Era don Rafael Delgado, hombre de natural afable y exquisita educación, como su primo el abogado Rodrigo Rodríguez Ferrer que felizmente todavía está entre nosotros. Con esa educación por bandera se embarcó en la constitución de “Comisiones Asesoras” que le dotasen de -por lo menos- autoridad académica y moral, para entorpecer y si no frenar en lo posible, los derribos de inmuebles históricos que se estaban sucediendo en la capital chicharrera y en toda Canarias por aquellos “feroces” años patrimoniales.
Con inteligencia y habilidad, constituyó y puso en marcha la Comisión Provincial para la Conservación del Patrimonio Artístico y la Comisión Diocesana de Arte Sacro entre otras que realizaron un extraordinario trabajo gracias a un buen elenco de funcionarios competentes y esforzados que no dudaban en implicarse lealmente con el trabajo del consejero Delgado Rodríguez. Entre éstos, recuerdo al que hizo muchas veces de secretario en esas comisiones y que dejó pulcra constancia de todo lo que se trataba en éstas, además de los pormenores de las mismas. Documentos valiosos para los historiadores del patrimonio cultural canario y donde encontramos la rúbrica de Ángel Márquez pues aparece en muchos de estos legajos. Para la Historia quedan.
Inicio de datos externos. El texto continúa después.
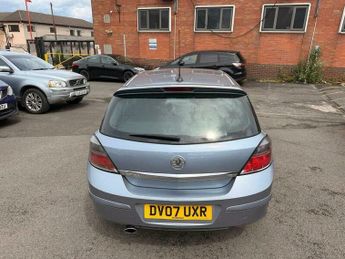 Vauxhall Astra 1.8i 16v SRi 5dr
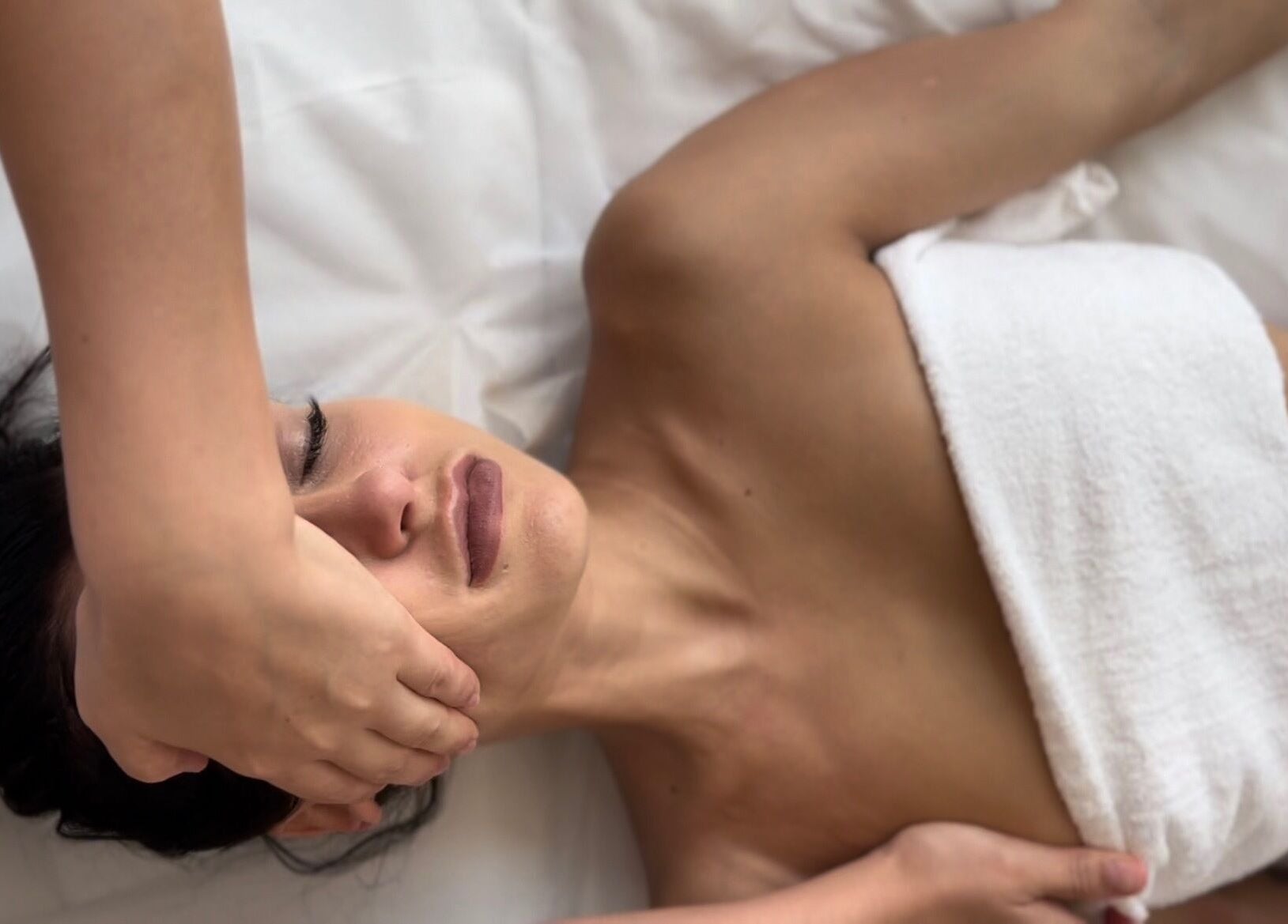 Facial massage at Sculptor By Aray Kairkanova Ladies Salon DUBAI MARINA, Dubai, Dubai, AE. Experience tranquility.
Después de su jubilación gustaba de reunir en su casa a buenos amigos para largas charlas donde siempre se acababa hablando de arte, historia, Canarias y cómo no, de Santa Cruz. No creo que traicione su memoria si traigo aquí una de sus reflexiones favoritas respecto de los políticos y el patrimonio cultural que le tocó lidiar en suerte. “Mira, cuando ya veían que no había forma de sobornarme, recogían el sobre, miraban detenidamente que no se hubiese salido ningún billete y se marchaban sin despedirse. Escuchaste bien Miguel Ángel. Ni se despedían. ¿Se puede ser más malcriado?
Don Rafael se despidió; con corbata y aseado. Hasta el final.